This article was published 30/10/2012 (4737 days ago), so information in it may no longer be current.
It can be a little overwhelming for young people to even imagine having some impact on serious global issues like saving the planet from environmental disaster.
How can they muster enough knowledge and resources to make a difference?
But one of the reasons Matthew Hudson was able to form his company, Invenia, in 2006 when he was only 23, was because others had already assembled resources he thought he could piggyback on.

Invenia does sophisticated modelling and forecasting of wind- and solar-power generation for electrical utilities using artificial intelligence and patented pattern-recognition algorithms.
The information helps utilities make decisions on when they need to top up reserves from fossil-fuel power stations and when they can count on enough wind and solar power to satisfy the needs of the grid.
Producing the kind of intelligence Invenia offers its clients requires massive amounts of computing power.
As a small company with about 15 employees that operates out of the business incubator facility at the University of Manitoba’s Smartpark, Invenia can’t afford the required warehouse full of computers.
That’s where cloud computing comes in.
“We are effectively accessing tens of millions of dollars of infrastructure available on demand for hourly rental,” Hudson said. “So rather than having to raise massive amounts of capital to buy all the equipment and then try to figure out how to manage a data centre and not operate it inefficiently, we can leverage someone else’s expertise in managing data centres and have massive computing power.”
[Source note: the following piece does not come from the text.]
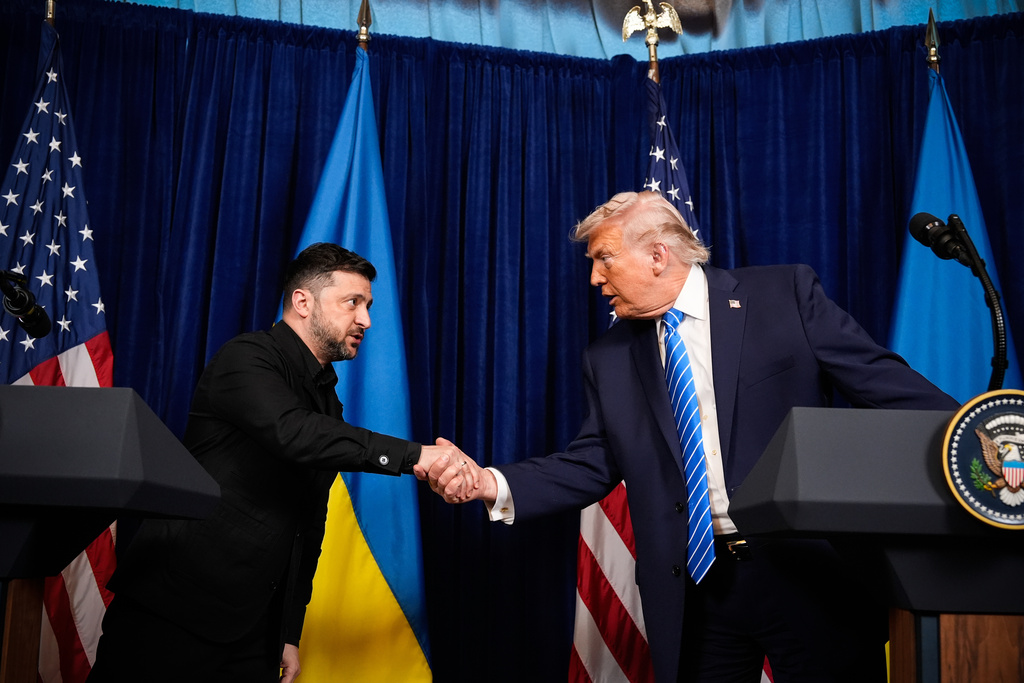 President Donald Trump and Ukraine's President Volodymyr Zelenskyy shake hands at the start of a joint news conference following a meeting at Trump's Mar-a-Lago club, Sunday, Dec. 28, 2025, in Palm Beach, Fla. (AP Photo/Alex Brandon)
Invenia was awarded the Most Innovative Business in Canada Canadian Youth Business Foundation Award in 2011. It now has customers across North America, the United Kingdom and South Africa and is experiencing triple-digit growth.
Hudson has attracted a smart team, including two current PhD candidates, and he said their artificial-intelligence technology is helping electrical utilities more efficiently manage their power needs.
“Our ability to access data centres around the world, combined with our “bleeding edge” machine-learning (or artificial intelligence) technology…. now we’re talking about something with global impact and global reach,” he said.
Its Energy Intelligence System (EIS) for wind- and solar-power forecasting, integration and trading increases the efficiency of the smart grid through improved operations. Last year, Hudson figures, Invenia helped prevent 55,000 tonnes of CO2 emissions through its wind-power forecasting technology.
“Although some challenges exist with managing a variable energy source such as wind, utilities all around the world continue to recognize the value wind energy can play within a larger interconnected electrical transmission system,” said Ulrike Kucera, spokeswoman for the Canadian Wind Energy Association.
Modern energy forecasting is one way sustainable and economic use of wind energy can be addressed.